Les signes du déclin sont pourtant perceptibles : le pays a atteint un niveau d’endettement historique, avec 7000 milliards de dette (du jamais vu depuis Léon Mba).
La gestion de la crise pandémique est un désastre. Le gouvernement, à genou, n’arrête plus de jouer les péripatéticienne, de mendier littéralement des lignes de crédits auprès du FMI et des autres institutions financières à l’international.
Le marasme pue à plein nez, et prive depuis deux années consécutives déjà, des milliers de jeunes à travers le pays, d’emplois décents.
Le secteur informel, qui joue un rôle décisif dans notre économie a été littéralement plombé par des mesures anticovid scandaleuses que plus un seul pays de la sous région n’observe, à l’exception du Gabon.

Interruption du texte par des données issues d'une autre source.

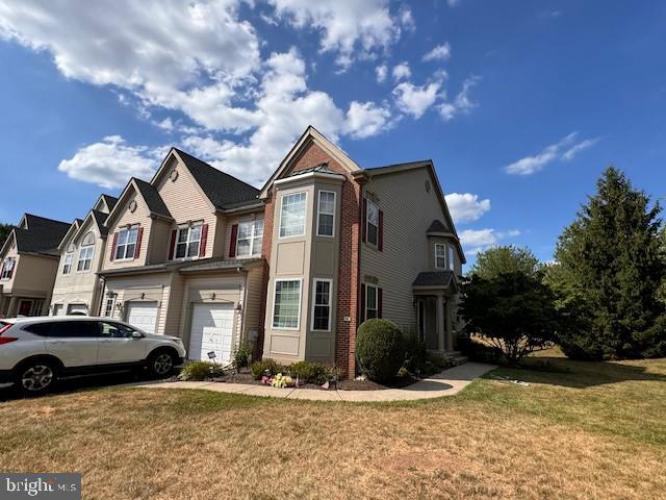 401 Shannon Court, Warwick PA 18974 for sale by EveryHome Realtors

La colère des populations est donc à ce titre justifiée. Le président gabonais et son gouvernement se complaisent dans un mimétisme presqu’irrationnel de la France, dont la réalité de la propagation du virus se tient à des années lumières de la nôtre.
L’axiome est tout simple : comme pour Ben Ali, lorsqu’un président s’obstine à penser qu’il agit dans la perspective dz l’intérêt général, au mépris des voix dissidentes, il est tout évident qu’il ne répond plus aux aspirations du plus grand nombre.
Le retrait de la gestion de la chose publique apparaît dès lors comme une juste conséquence, à défaut d’un printemps, souvent seul recours possible pour l’aboutissement d’un projet global d’alternance.
Les tunisiens ont osé, admirablement. Et si les intimidations de l’armée n’ont pas pu éteindre les passions, il faut croire qu’il est tout aussi possible que le schéma soit reproduit ici, à l’identique.